An article published today in Advertising Age really resonated with me. It makes the case that the maturing marketplace, combined with the hyper-connected, in-control consumer “has created a seismic shift from one-size-fits-all mass markets to millions of markets of self interest.” That assessment carries huge implications for retailers who are trying to move product that was once a specialty, but is now a commodity. Strategy consultants Booz Allen Hamilton explain it this way:
As every market matures, choice increases. Then competition drives up quality and convenience to the point at which offerings become commoditized. The only businesses that then thrive are those that move beyond “me-too” or incremental offerings to marketing more-relevant and more-differentiated products and services. The only way to accomplish this is to focus on a narrower target.
Technology & The Long Tail
Technology has played a major role in facilitating this shift. Marketers are now able to micro-target specific groups, engage customers with more frequency and intimacy, and customize to consumer specs. Moreover, technology has enabled consumers with the tools to seek out suppliers that offer just the thing they want.
Think about it. If you are a retailer focused on selling lots of stuff to lots of very different people, you are probably fighting a loosing war of diminishing margins, market share and profitability. On the other hand, brands that have figured out how to excel at attracting and keeping loyal a narrowly focused niche will probably continue to do well. And why is that? Once you, the customer, has experienced having your ever-increasing levels of self-interests met by a niche provider, you have a hard time going back. For example, why would I continue to go back to a retailer for accessories that I know from previous experience, they probably will not have (not even on their website).
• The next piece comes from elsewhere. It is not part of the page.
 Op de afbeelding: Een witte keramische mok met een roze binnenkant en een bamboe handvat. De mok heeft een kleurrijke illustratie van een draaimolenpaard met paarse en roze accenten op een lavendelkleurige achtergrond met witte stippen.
As even a senior Wal-Mart official recently said, “no customer today will stand to be treated as part of a mass market anymore.”
This is a major disruption and marketers who fail to respond to it quickly will suffer. According to Advertising Age, the value propositions of those who ignore niche marketing…
“…will be less relevant than those of competitors. For those slow to adopt niche marketing, the future also is bleak. Attempts to recoup share will be difficult because competitors will have preemptively established closer customer relationships.’
A number of brands and marketers have embraced niche marketing. Names like Target, Crocs, Red Bull and American Girl. The all have the same objectives as any other marketer, but they have sensed the disruption and have responded by finding a new way of going to market.
Narrow, not Small
The other thing that has changed is what niche marketing really means in today’s environment. It’s still “the targeting of a more narrowly defined customer group seeking a distinctive mix of benefits”, but niche markets are not the “marginal opportunity” that they were once viewed to be. Today, niches are viewed much more positively.
In today’s marketplace, niches are flourishing. Some niche brands are generating hundreds of millions in sales. Sometimes, narrow niches, fueled by mavens and connectors, become the next big, disruptive thing. The big point of the article is that niches should not be equated with small. Instead, think of narrow. Then target very specific groups who will relate to and find differentiation in your offering. At this point, you are no longer a commodity and you can increase your margins by charging a premium. Do this over and over with different products and services, and you can generate volume and growth that makes up for your narrow targets.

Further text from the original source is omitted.